A tecnologia GELA recorre a soluções passivas baseadas em estruturas baseadas em celulose, que são escaláveis e, por isso, competitivas em termos de custo de produção. O envolvimento de parceiros industriais na definição de casos de uso e potencial de industrialização permite que esta inovação de base florestal possa, no curto prazo, ser testada à escala piloto, abrindo a possibilidade de colocar no mercado uma solução inovadora e competitiva no contexto da bioeconomia e circularidade.

A tecnologia GELA e a sua demonstração em protótipos para rotulagem está a ser desenvolvida no âmbito da Agenda “From Fossil to Forest”, com financiamento do Plano de Recuperação e Resiliência e dos Fundos Next Generation EU. O consórcio envolvido no “From Fossil to Forest” é liderado pela The Navigator Company e inclui 27 instituições em diferentes áreas de trabalho.

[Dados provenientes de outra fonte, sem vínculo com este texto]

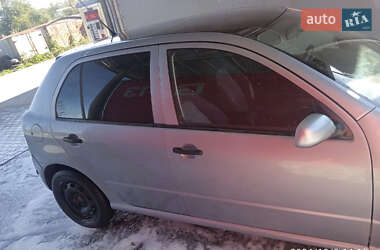 Хэтчбек Skoda Fabia 2004 в  фото 2 Хэтчбек Skoda Fabia 2004 в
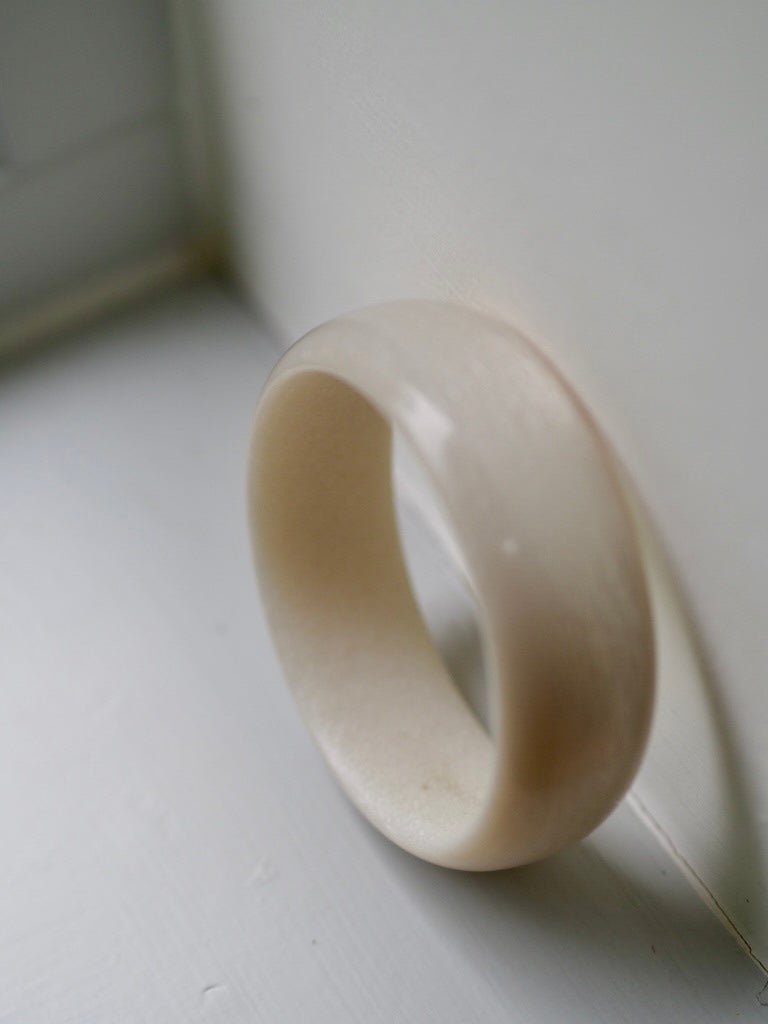 Circular bangle bracelet - Natalia Willmott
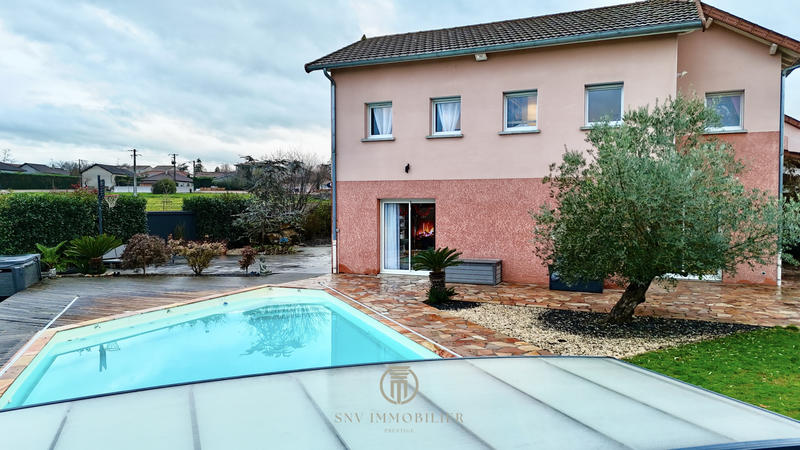 Maison - 239 m² - 9 pièces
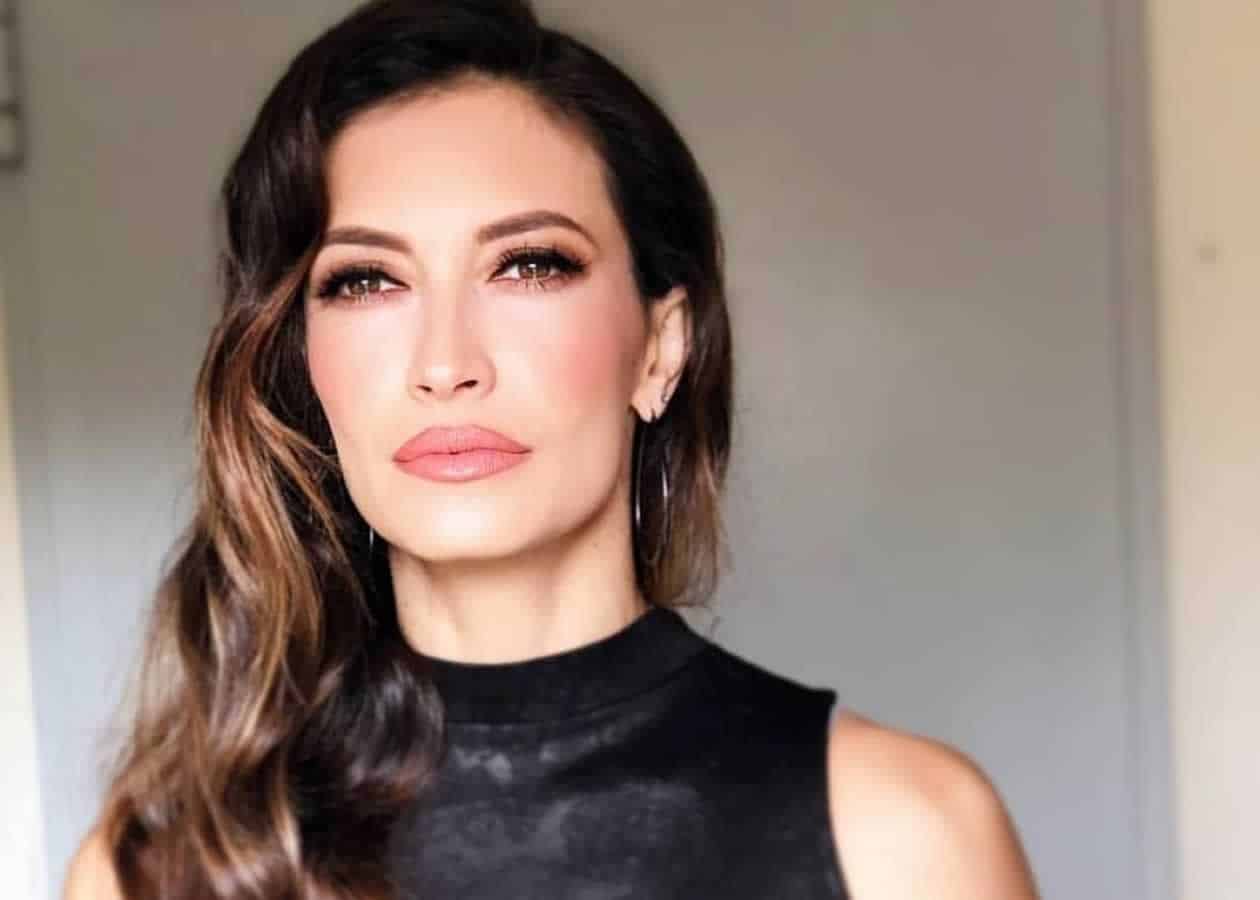 Μάρα Δαρμουσλή: Στην παραλία στον έβδομο μήνα της εγκυμοσύνης της [φωτογραφίες]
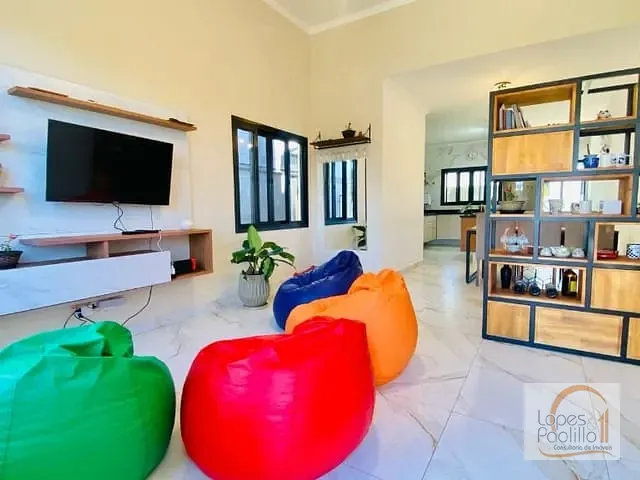 Casa com 384m² 3 quartos e 3 banheiros, à venda, no bairro Serras de Atibaia I em Atibaia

A área dos biossensores em papel conta com os seguintes parceiros: Laboratório Colaborativo AlmaScience (responsável pelo desenvolvimento de soluções para controlo de temperatura com aplicações em papel e pelo GELA), CENTI, Universidade da Beira Interior, Universidade Nova de Lisboa, Imprensa Nacional Casa da Moeda, Grupo Nabeiro, Jerónimo Martins e Super Bock Group.

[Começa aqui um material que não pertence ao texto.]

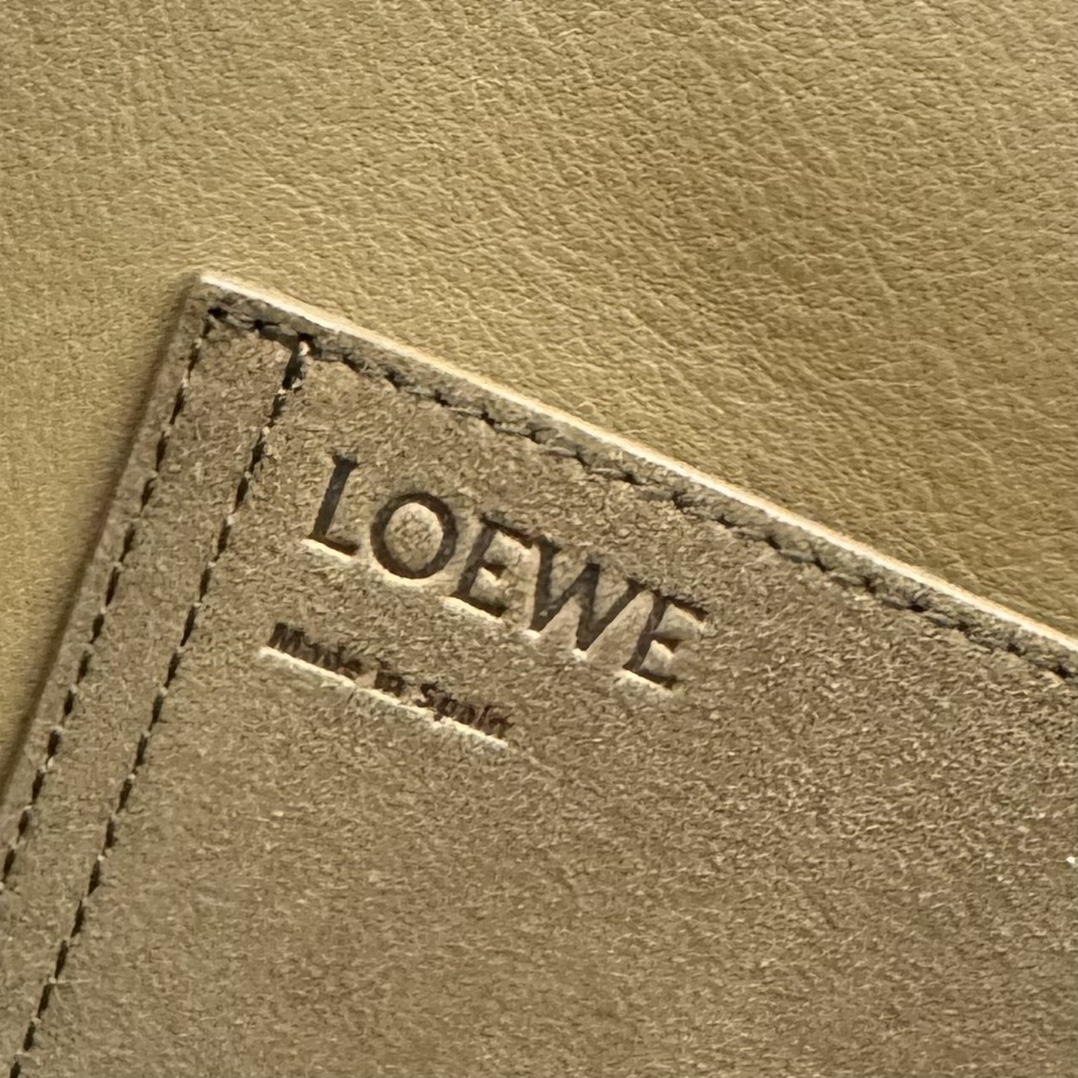 Lw大号绒面牛皮革Pebble将纯粹的简约线条与瞩目设计风格巧妙融合造就别具一格的创新的手袋设计标记性的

6. Biocompósitos com celulose como alternativa aos plásticos 100% fósseis

O desenvolvimento de biocompósitos com incorporação de diferentes percentagens de matéria-prima florestal (celulose), aplicáveis a produtos hoje produzidos somente com plásticos, é um dos caminhos para reduzir a utilização de matérias-primas fósseis em materiais de embalagem.

É com este objetivo que têm vindo a ser desenvolvidos materiais biocompósitos que integram diferentes quantidades de celulose. Estes materiais têm vindo a ser testados na produção de peças por injeção, sendo os tubetes para uso em viveiros um exemplo de aplicação em teste.

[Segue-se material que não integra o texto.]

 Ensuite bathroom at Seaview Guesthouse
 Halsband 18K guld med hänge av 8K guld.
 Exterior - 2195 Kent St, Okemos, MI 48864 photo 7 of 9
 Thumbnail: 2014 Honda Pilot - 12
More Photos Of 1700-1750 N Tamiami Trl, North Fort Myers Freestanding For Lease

Refira-se que estes tubetes, nome dado aos pequenos “vasos” onde crescem em viveiro os rebentos (partes das plantas) indispensáveis às ações de florestação e reflorestação, são, até agora, produzidos totalmente em plástico. Os biotubetes ou biovasos incorporando diferentes percentagens de celulose na sua matriz plástica (nesta fase 10, 20 e 30%) foram produzidos e estão a ser testados em ambiente real para aferir e demonstrar a sua viabilidade técnica comparativamente aos tubetes 100% de plástico de origem fóssil. O teste de alguns milhares de protótipos está já a decorrer nos maiores viveiros portugueses – os Viveiros Aliança.

Milhões destes tubetes são utilizados diariamente para a propagação de materiais florestais em viveiros e estufas, pelo que esta inovação florestal, ao reduzir ou substituir o plástico neles contido, tem impacte na diminuição da pegada do próprio sector florestal.

O desenvolvimento de biocompósitos celulósicos – com diferentes formulações, desde 100% verdes a híbridos – e a sua aplicação em soluções de embalagem é uma das seis áreas em que se estrutura a Agenda “From Fossil to Forest”, financiada pelo Plano de Recuperação e Resiliência e pelos Fundos Next Generation EU. As formulações para biocompósitos têm vindo a ser desenvolvidas por um grupo de oito entidades de entre as 27 que integram o PRR “From Fossil to Forest”: Instituto de Investigação da Floresta e Papel RAIZ – responsável pelo programa de I&D, as empresas Filkemp, GLN e The Navigator Company – que lidera a Agenda, assim como a Universidade de Aveiro, a Universidade da Beira Interior, o CENTI, o CITEVE – Centro Tecnológico das Indústrias Têxtil e do Vestuário de Portugal o PIEP – Pólo de Inovação em Engenharia de Polímeros.